Indiana Jones and the Dial of Destiny raids the box office of doom with $60M opening weekend

At this weekend's box office, Harrison Ford turned the Dial of Destiny all the way up to, well, not 11, but to a respectable yet disappointing volume. The fifth and final installment of the Indiana Jones franchise opened with $60 million domestically, grossing $130 worldwide, according to Comscore.

Some 42 years after he first donned that iconic fedora, Ford takes his last bow as the adventurer archaeologist in director James Mangold's addition to the franchise.
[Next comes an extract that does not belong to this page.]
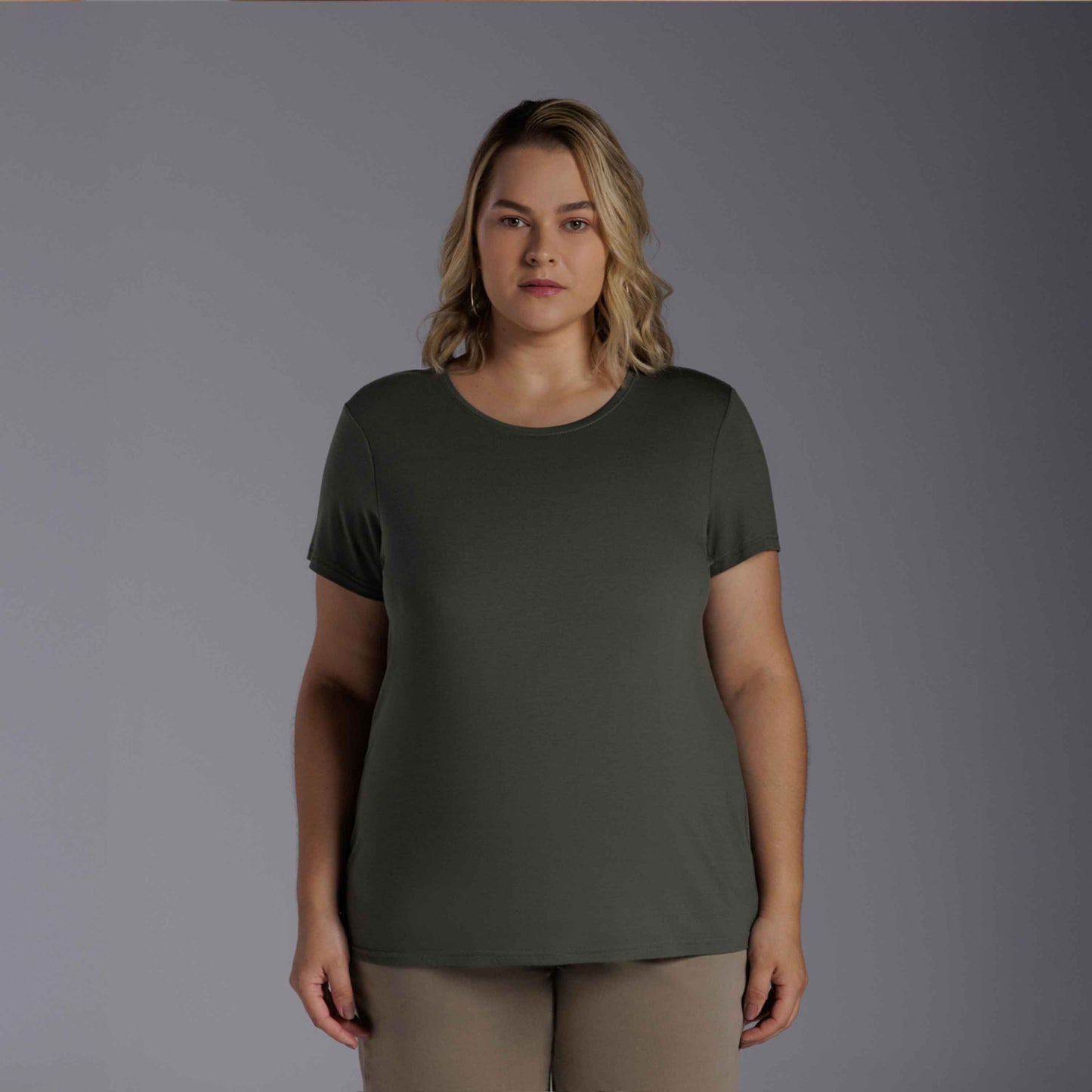 Tech T-Shirt Modal Plus Feminina - Verde Figo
Harrison Ford in 'Indiana Jones and the Dial of Destiny'
Harrison Ford in 'Indiana Jones and the Dial of Destiny'

Lucasfilm Ltd. Harrison Ford in 'Indiana Jones and the Dial of Destiny'

After the lackluster Kingdom of the Crystal Skull, which nevertheless still gave us Cate Blanchett in a scene-stealing bob, Ford thought Jones had "room for one more story."

"And that story was the one that dealt with age, time, and relationships in his family — knitting the whole thing together just a little bit more, and feeling a kind of roundness in all of the different stories we've told," Ford told EW. "I'm more comfortable leaving him at this place than he was at the end of Crystal Skull."

The majority of the top 10 films at the box office this weekend are holdovers from previous weeks, with the exception, besides Indy, being Universal's Ruby Gillman, Teenage Kraken, about a shy teenager who discovers that she's part of a legendary royal lineage of mythical sea krakens. That movie opened at No. 6 with $5.2 million domestically ($12.8 worldwide).

Gwen Stacy (Hailee Steinfeld) and Miles Morales (Shameik Moore) in 'Spider-Man: Across the Spider-Verse.'
Gwen Stacy (Hailee Steinfeld) and Miles Morales (Shameik Moore) in 'Spider-Man: Across the Spider-Verse.'

Sony Pictures Animation Gwen Stacy (Hailee Steinfeld) and Miles Morales (Shameik Moore) in 'Spider-Man: Across the Spider-Verse.'

Spider-Man: Across the Spider-Verse is still going strong in its fifth week, holding tight at No. 2 while taking in an estimated $11.5 million across the three-day weekend, bringing its domestic total to $339.9 million, with $607.3 million at the global box office.

Pixar's Elemental continues to struggle to find that trademark animated magic, bringing in $11.3 million in its third week of release for a domestic cume of $88.8 million ($187 globally). In fourth, the Jennifer Lawrence sex comedy No Hard Feelings brought in $7.5 million for a domestic total of $29.3 million ($49.3 worldwide).

Rounding out the top 5, Transformers: Rise of the Beasts earned $7 million in its fourth weekend, for a domestic cume of $136.1 million and a global cume of $381.3 million. Meanwhile, in only its third week of release, The Flash lost its footing and fell to eighth place, earning $5 million, putting it just short of $100 million domestically ($99.3 million), though it's faring better overseas, grossing $245.4 worldwide.